The information presented in Figs. 3–5 are used to design superlattice hard coatings. As discussed, materials with a small “Q” should be considered for synthesizing superlattice coatings to achieve effective hardness enhancement. Applying this criterion to the calculated perovskites and inverse perovskites, we may anticipate from (Table S4), that superlattices CaZrO3/SrNbO3, CaZrO3/ BaRuO3, CaZrO3/CaMoO3, NbCPt3/AlCPd3, NbCPt3/GaNNi3, NbCPt3/ZnNNi3 and NbCPt3/ScCPt3 have good potentials to offer enhanced hardness; in contrast, superlattices based on halides would show marginal hardness enhancement due to their small ΔG. These perovskites and inverse perovskites are all cubic structure according to the values of their tolerance and octahedral factors (table S4). However, we observe a large lattice mismatch for CaZrO3/CaMoO3, NbCPt3/GaNNi3 and NbCPt3/ZnNNi3, these may further enhance the hardness of these superlattices. These analyses are purely predictive and should be supported experimentally.
We can anticipate also from the PCA results, those potential materials for superlattice hard coatings. So, any combination of materials from region A as template and any materials from region B as substrate could give interesting superlattices e.g. (CaCrO3/SrVO3, SnCPt3/SbNNi3). We notice from the different calculations of ΔG and the position of each compound in the PCA score plots, that the distance between two materials from different clusters are correlated to ΔG. Since as this distance increases, ΔG increases.
Therefore, the logic presented here can be applied to any system with any number of samples and descriptors. Combining informatics with calculated data and physical properties will allow for the greatest understanding of structure-property relationships. With that knowledge, materials can then be engineered to maximize the desired properties. The use of PCA here demonstrates how informatics can be used to screen information to determine what is necessary and useful, and then to use that knowledge in experimental, computational, and materials design.

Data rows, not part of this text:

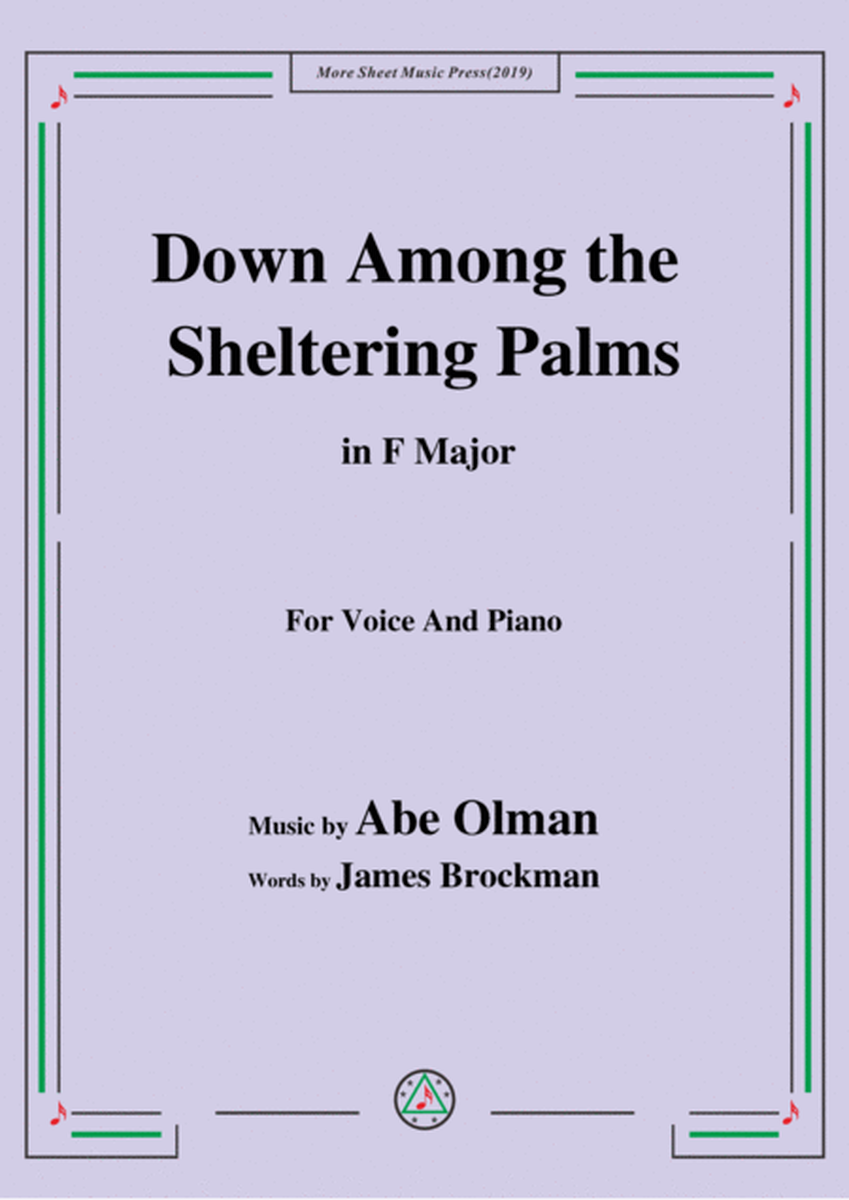 Abe Olman-Down Among the Sheltering Palms,in F Major,for Voice&Piano image number null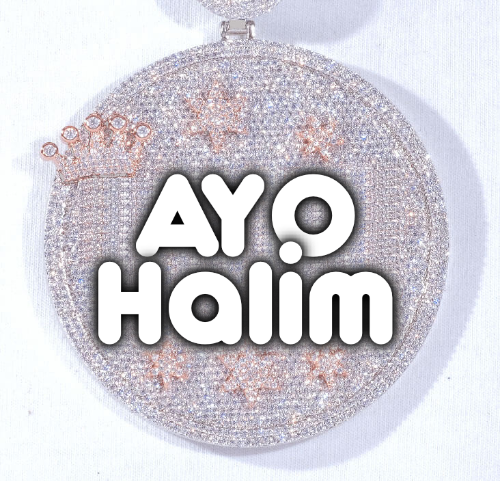 CUSTOM LETTER NECKLACE 3D BIG CROWN DISC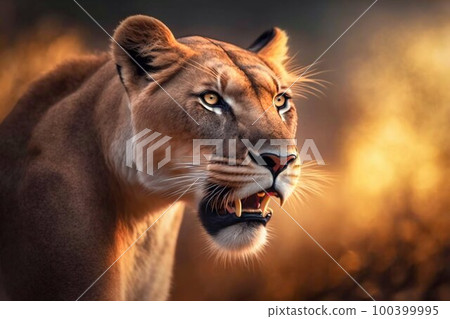 Lioness in Africa savannah. Generative AI 100399995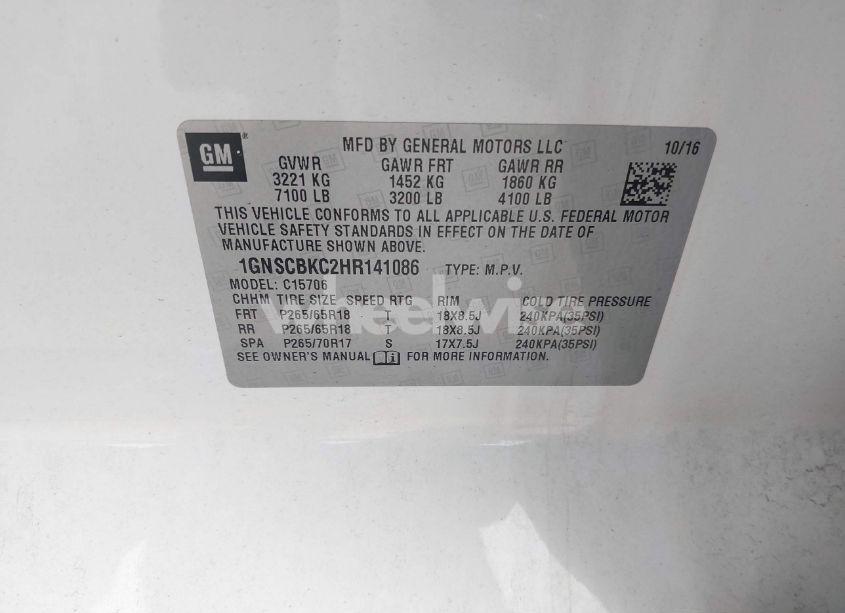 Photo 9 of 2017 Chevrolet Tahoe LT (VIN 1GNSCBKC2HR141086)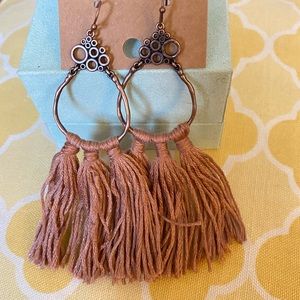 Bronze Antique Style Rose Tassel Fringe Drop Earrings NWT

In this work we have analyzed perovskites and inverse perovskites compounds using a multivariate analysis. This work helps to develop a method for visually interpreting a PCA plot based on the correlation of the distances between the different perovskite compounds on the different plots. It has been clearly explained with respect to a logic focused on the correlation between the PCA results and the variation of the ΔG how to design better superlattice hard coatings materials. Thus, we expect that a simple visual observation of the PCA plots, in respect to the position of the any perovskite compounds in these plots will give us an insight on the variation of the ΔG.